REQUIRED WORK ::
What you write should be an exact repeat of the lines from the one with "Sandro Crew Neck Mini Dress" through the final line below, minus the pictures.

MATERIAL PROVIDED ::
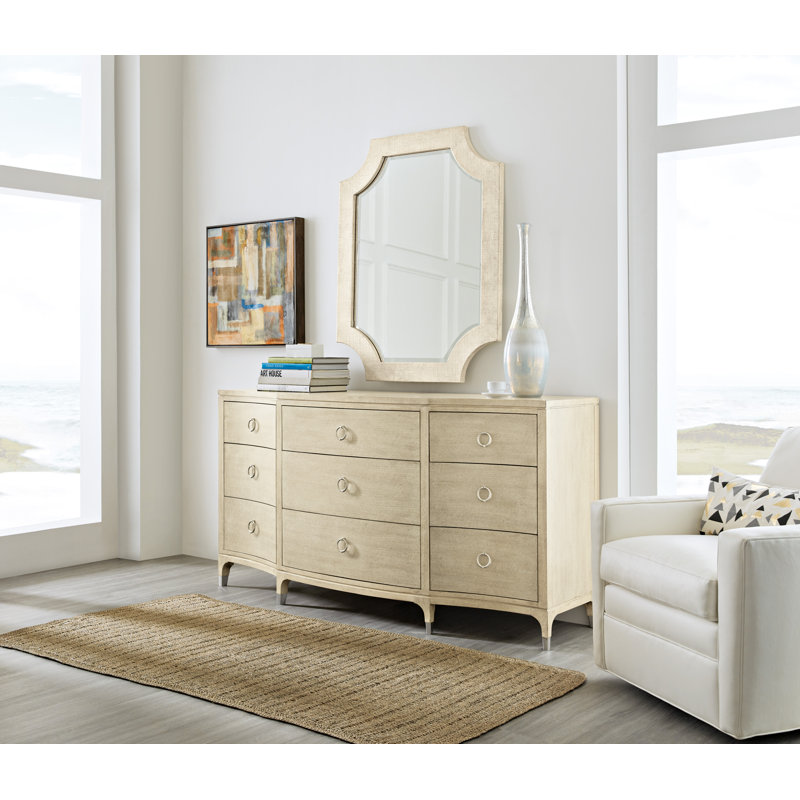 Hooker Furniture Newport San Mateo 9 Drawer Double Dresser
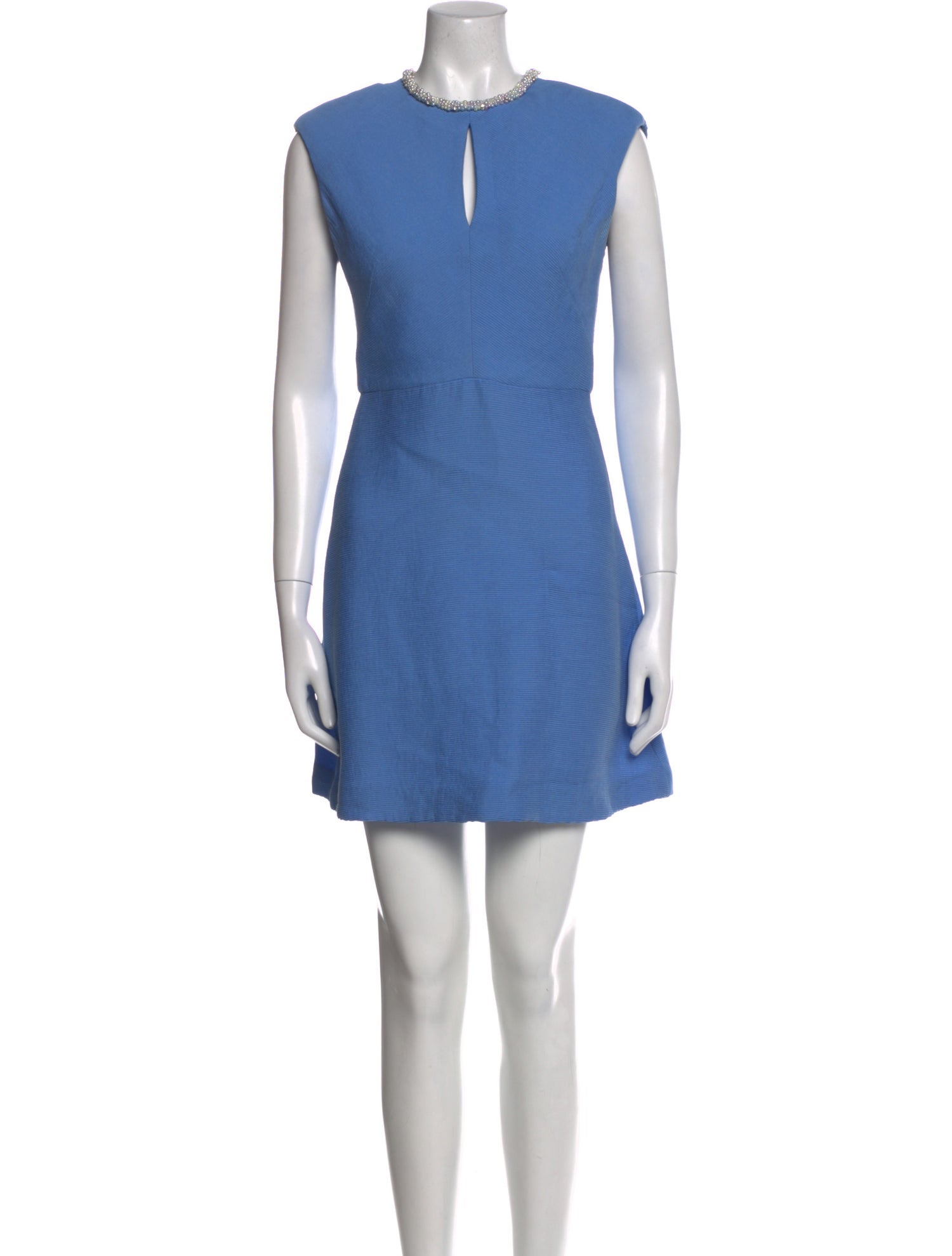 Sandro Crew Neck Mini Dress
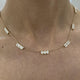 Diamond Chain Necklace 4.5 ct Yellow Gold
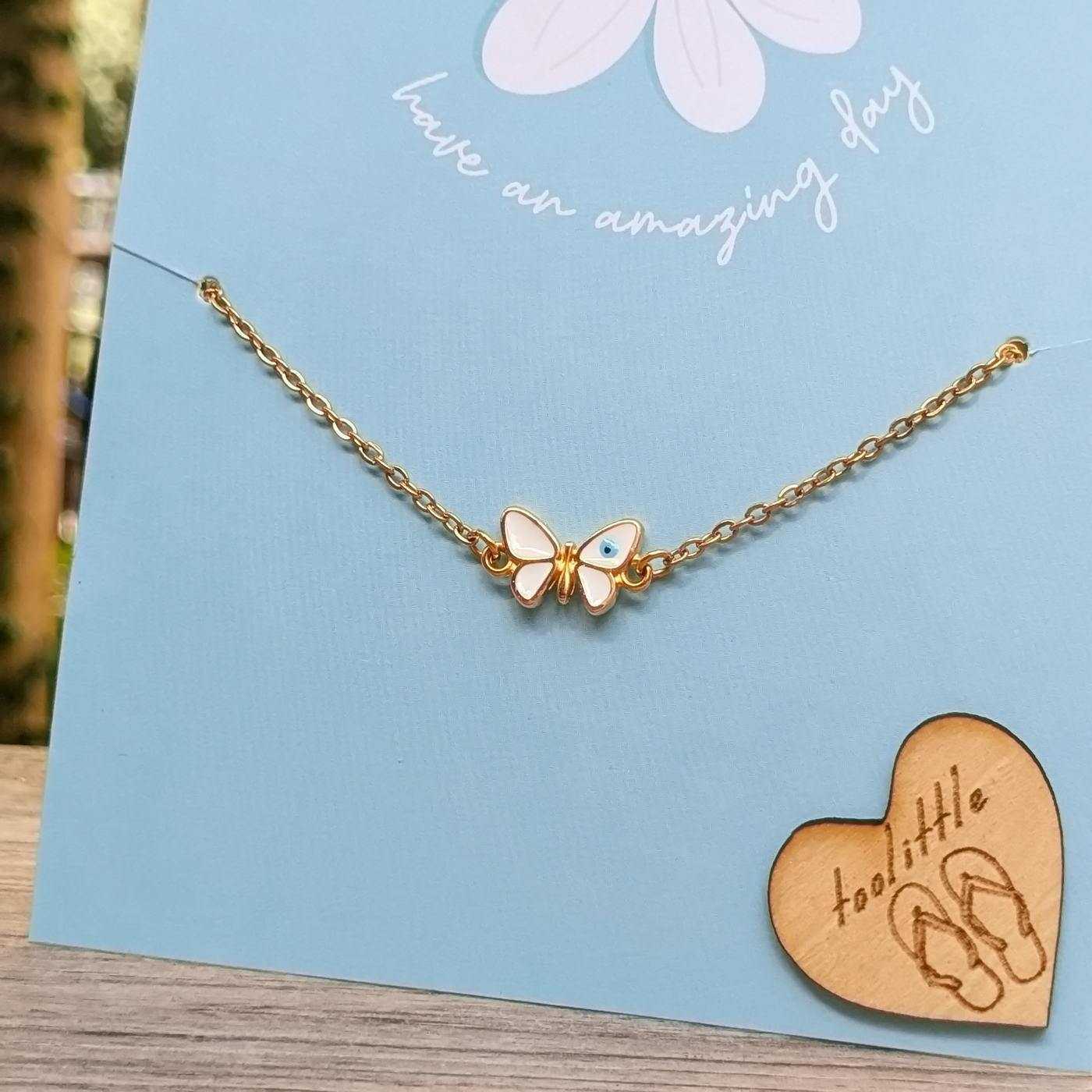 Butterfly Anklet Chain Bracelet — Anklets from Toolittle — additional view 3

COMPLETED EXERCISE ::
 Sandro Crew Neck Mini Dress
 Diamond Chain Necklace 4.5 ct Yellow Gold
 Butterfly Anklet Chain Bracelet — Anklets from Toolittle — additional view 3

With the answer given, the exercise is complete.